One way is to serialize the instance count into buffer object(s) using atomics, as described (with code) in these threads (mainly the first):

If you prepopulate these buffers with draw indirect instanced draw call data, then after the transform feedback run, these buffers are prepopulated and ready to rip your “culled and LODed” instanced batches (including with correct instance counts). I’ve implemented this on NVidia GPUs and it works very well.

There was an extension announced a while back that gave you this capability without needing to use atomics. Ah, here we go:

  • ARB_query_buffer_object[/QUOTE]
    Indirect rendering requires OpenGL 4.5, right? If that’s the case, I can’t use it since my product is already released.

I did get the technique working in one day. Here’s the results:

glDrawElementsIndirect and GL_DRAW_INDIRECT_BUFFER are in OpenGL 4.0.

GL_ATOMIC_COUNTER_BUFFER requires OpenGL 4.2.

Sweet, thanks for the tips.

And, for what it’s worth, multi-draw-indirect was core in 4.3.

Hmmm, can this be done with only OpenGL 4.0 support? I can’t drop support for the Intel 4000s.

No need to drop support; it would appear that they support the ARB_multi_draw_indirect extension. At least, on Windows.

Even so, you can still use non-multidraw functionality to make it work, even without querying the primitive count. Just use a loop of glDraw*Indirect calls, where the loop counter is a fixed value. You’ll send needless (empty) drawing commands, but the cost of a draw call itself is pretty minimal (it’s the state changes between draws that hurt).

[QUOTE=Alfonse Reinheart;1271811]No need to drop support; it would appear that they support the ARB_multi_draw_indirect extension. At least, on Windows.

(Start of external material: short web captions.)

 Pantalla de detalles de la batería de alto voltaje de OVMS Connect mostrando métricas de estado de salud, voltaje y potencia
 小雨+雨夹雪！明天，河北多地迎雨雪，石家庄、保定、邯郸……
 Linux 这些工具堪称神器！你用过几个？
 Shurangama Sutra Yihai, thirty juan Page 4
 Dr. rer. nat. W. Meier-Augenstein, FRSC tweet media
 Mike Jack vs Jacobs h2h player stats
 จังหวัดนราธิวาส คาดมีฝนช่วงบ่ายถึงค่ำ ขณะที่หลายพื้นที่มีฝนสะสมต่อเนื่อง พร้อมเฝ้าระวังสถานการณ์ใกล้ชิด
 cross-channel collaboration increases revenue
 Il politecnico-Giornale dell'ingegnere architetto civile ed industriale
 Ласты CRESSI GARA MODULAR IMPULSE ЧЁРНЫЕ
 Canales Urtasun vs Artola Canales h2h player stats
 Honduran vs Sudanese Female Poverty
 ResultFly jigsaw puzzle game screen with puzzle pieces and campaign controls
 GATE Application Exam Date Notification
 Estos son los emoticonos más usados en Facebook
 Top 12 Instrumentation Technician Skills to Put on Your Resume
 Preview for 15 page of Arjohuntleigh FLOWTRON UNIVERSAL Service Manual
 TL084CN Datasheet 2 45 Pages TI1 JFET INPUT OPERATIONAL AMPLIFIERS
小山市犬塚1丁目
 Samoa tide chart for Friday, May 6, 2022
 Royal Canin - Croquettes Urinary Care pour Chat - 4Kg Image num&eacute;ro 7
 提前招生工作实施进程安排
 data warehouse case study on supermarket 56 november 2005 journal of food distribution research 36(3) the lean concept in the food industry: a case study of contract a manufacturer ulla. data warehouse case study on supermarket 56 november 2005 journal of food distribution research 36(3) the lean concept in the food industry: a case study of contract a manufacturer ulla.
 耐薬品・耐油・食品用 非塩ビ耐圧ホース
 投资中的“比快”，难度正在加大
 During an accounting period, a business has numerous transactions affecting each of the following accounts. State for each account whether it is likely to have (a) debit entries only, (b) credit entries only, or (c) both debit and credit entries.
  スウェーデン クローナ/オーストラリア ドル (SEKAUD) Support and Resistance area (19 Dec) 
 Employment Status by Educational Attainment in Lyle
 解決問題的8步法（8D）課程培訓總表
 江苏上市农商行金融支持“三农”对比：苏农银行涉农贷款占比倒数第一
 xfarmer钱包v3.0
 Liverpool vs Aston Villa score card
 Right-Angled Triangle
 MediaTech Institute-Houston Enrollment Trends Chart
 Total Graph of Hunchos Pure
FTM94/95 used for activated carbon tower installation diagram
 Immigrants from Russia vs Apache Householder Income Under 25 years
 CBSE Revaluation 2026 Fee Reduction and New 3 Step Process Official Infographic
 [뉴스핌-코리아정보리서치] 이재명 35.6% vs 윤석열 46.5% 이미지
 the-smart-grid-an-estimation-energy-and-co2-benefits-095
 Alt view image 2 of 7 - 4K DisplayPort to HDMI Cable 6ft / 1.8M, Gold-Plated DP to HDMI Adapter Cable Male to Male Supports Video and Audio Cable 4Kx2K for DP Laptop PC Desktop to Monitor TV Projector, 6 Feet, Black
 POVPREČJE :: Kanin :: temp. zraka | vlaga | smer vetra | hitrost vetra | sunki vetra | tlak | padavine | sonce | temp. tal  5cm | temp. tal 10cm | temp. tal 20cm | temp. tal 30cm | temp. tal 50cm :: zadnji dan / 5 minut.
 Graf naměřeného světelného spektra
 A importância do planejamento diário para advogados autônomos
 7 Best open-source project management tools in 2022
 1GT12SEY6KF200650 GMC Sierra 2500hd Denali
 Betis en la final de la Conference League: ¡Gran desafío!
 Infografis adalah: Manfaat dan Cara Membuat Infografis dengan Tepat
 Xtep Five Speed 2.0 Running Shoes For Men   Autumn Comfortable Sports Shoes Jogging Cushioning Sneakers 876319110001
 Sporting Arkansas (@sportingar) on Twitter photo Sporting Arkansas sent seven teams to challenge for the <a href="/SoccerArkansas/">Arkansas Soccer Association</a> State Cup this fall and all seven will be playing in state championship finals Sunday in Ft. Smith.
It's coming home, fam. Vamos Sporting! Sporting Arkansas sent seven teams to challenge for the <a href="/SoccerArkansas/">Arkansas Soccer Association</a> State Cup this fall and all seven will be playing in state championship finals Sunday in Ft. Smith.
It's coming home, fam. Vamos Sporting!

Even so, you can still use non-multidraw functionality to make it work, even without querying the primitive count. Just use a loop of glDraw*Indirect calls, where the loop counter is a fixed value. You’ll send needless (empty) drawing commands, but the cost of a draw call itself is pretty minimal (it’s the state changes between draws that hurt).[/QUOTE]
Thanks, I’m just going to keep using the query and then implement additional optimizations later for hardware that supports it.